* Aim of the exercise: Reprint each record exactly. Pictures are not reprinted.

Saved data entries
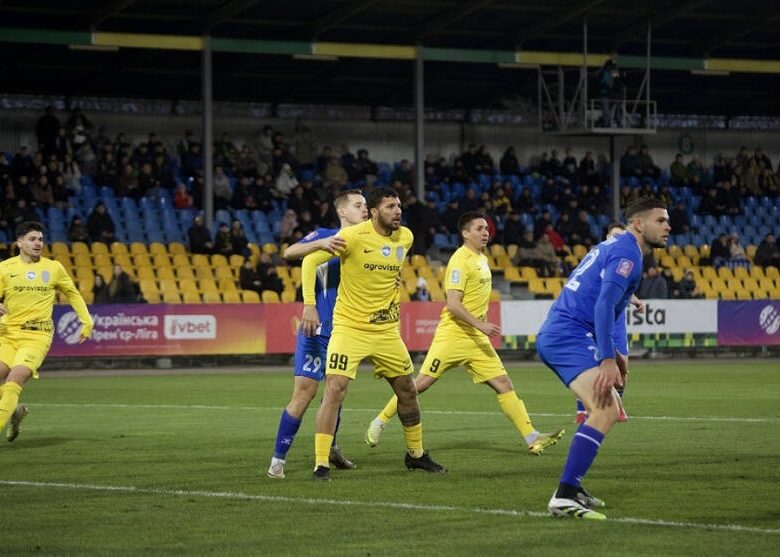 Олександрія та Кудрівка завершили поєдинок результативною нічиєю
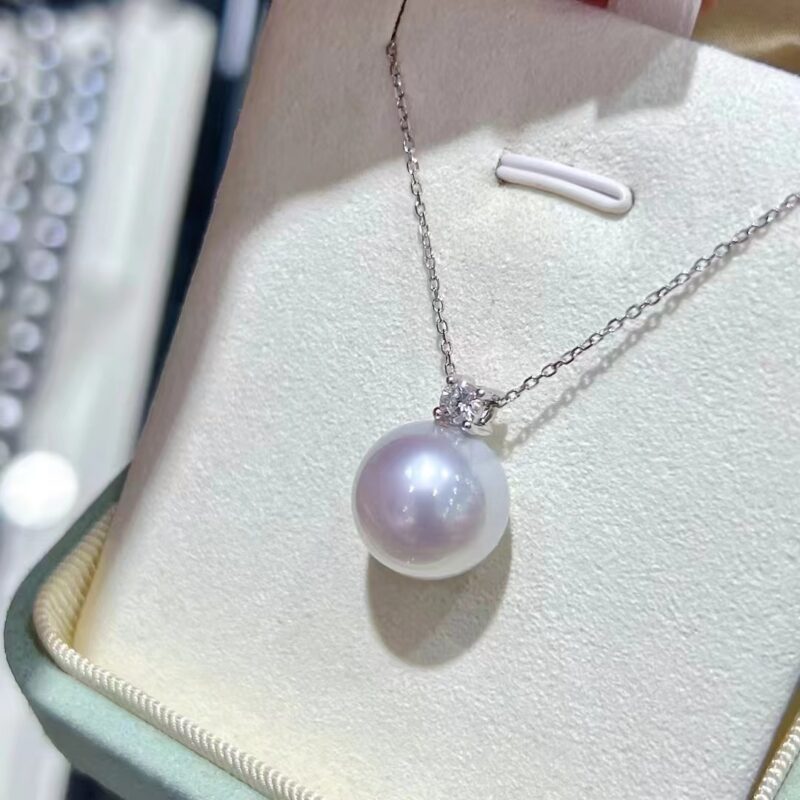 925 Sterling Silver Pearl Pendant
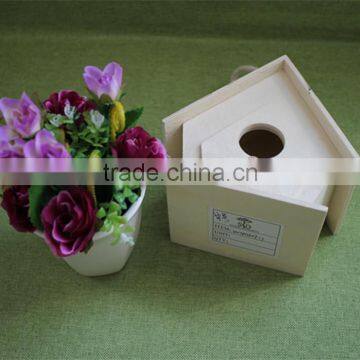 Cheap Small Wooden Bird Houses Arts and Crafts Bird House Wicker Bird Houses With Paulownia photo-6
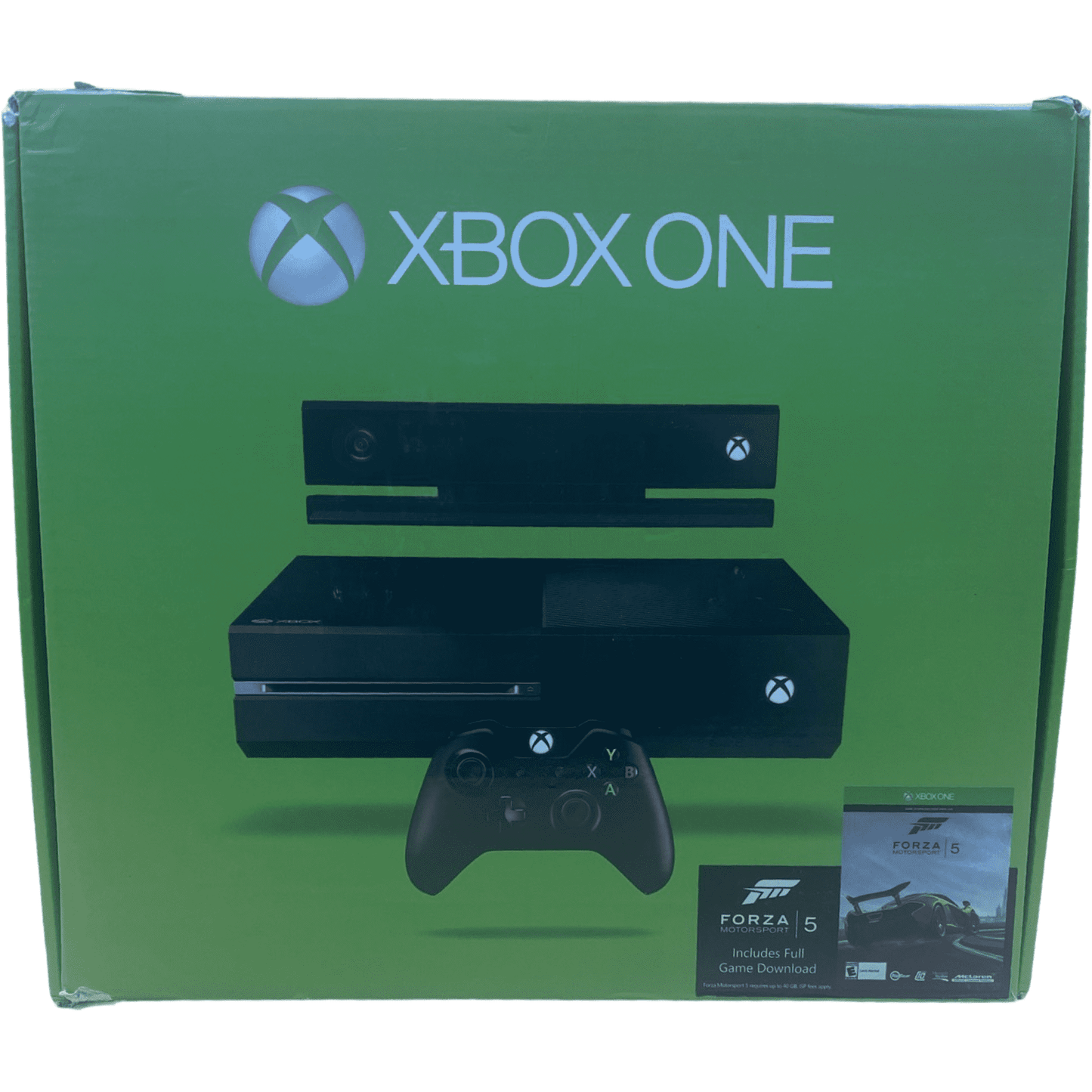 Xbox One 500GB Console With Kinect And Forza Motorsport 5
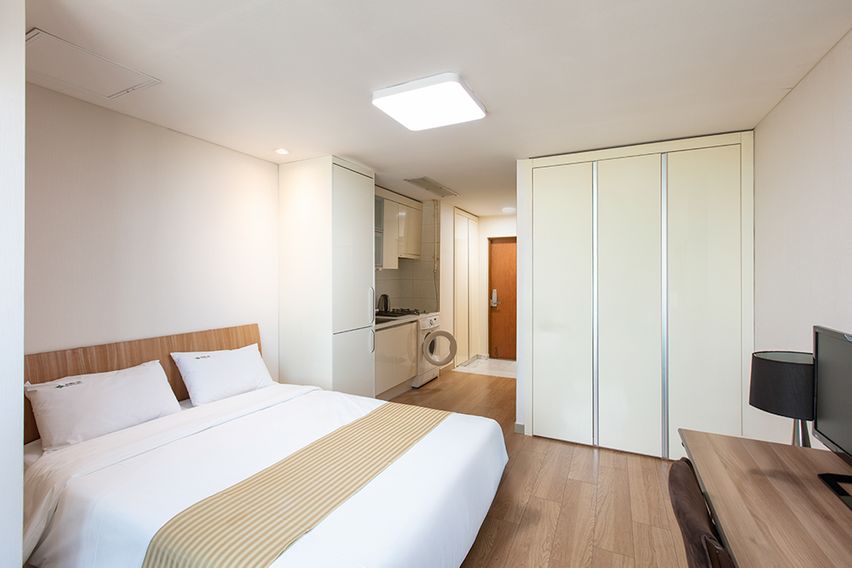 현대 레지던스 더블룸 0번째 이미지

* Response below:
 Олександрія та Кудрівка завершили поєдинок результативною нічиєю
 925 Sterling Silver Pearl Pendant
 Cheap Small Wooden Bird Houses Arts and Crafts Bird House Wicker Bird Houses With Paulownia photo-6
 Xbox One 500GB Console With Kinect And Forza Motorsport 5
 현대 레지던스 더블룸 0번째 이미지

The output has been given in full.